▸ Problem to work on: Find the string "Sleeve" in the records. Copy every line it appears in.

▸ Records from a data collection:
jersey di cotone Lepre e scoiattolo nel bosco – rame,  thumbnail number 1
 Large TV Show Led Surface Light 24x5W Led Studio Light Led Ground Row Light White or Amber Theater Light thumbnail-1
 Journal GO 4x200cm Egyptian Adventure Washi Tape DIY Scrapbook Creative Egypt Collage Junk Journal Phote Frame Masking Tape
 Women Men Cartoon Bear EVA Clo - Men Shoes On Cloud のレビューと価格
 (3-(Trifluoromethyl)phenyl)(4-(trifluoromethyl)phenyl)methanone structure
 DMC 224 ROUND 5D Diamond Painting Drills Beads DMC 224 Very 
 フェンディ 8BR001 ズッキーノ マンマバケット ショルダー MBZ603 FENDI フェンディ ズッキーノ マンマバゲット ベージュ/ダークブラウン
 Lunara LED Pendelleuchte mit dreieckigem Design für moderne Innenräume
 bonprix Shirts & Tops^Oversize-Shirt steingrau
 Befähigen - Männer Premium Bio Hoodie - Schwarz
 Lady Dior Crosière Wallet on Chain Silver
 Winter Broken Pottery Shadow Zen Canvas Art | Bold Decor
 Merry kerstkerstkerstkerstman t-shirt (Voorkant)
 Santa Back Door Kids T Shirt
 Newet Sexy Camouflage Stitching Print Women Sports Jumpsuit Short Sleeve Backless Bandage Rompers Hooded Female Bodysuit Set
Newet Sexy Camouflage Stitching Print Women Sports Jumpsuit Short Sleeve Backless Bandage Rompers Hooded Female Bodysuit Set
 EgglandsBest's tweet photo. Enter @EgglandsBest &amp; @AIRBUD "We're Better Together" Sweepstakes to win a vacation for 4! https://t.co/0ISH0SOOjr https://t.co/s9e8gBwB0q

▸ Task answer:
 Newet Sexy Camouflage Stitching Print Women Sports Jumpsuit Short Sleeve Backless Bandage Rompers Hooded Female Bodysuit Set
Newet Sexy Camouflage Stitching Print Women Sports Jumpsuit Short Sleeve Backless Bandage Rompers Hooded Female Bodysuit Set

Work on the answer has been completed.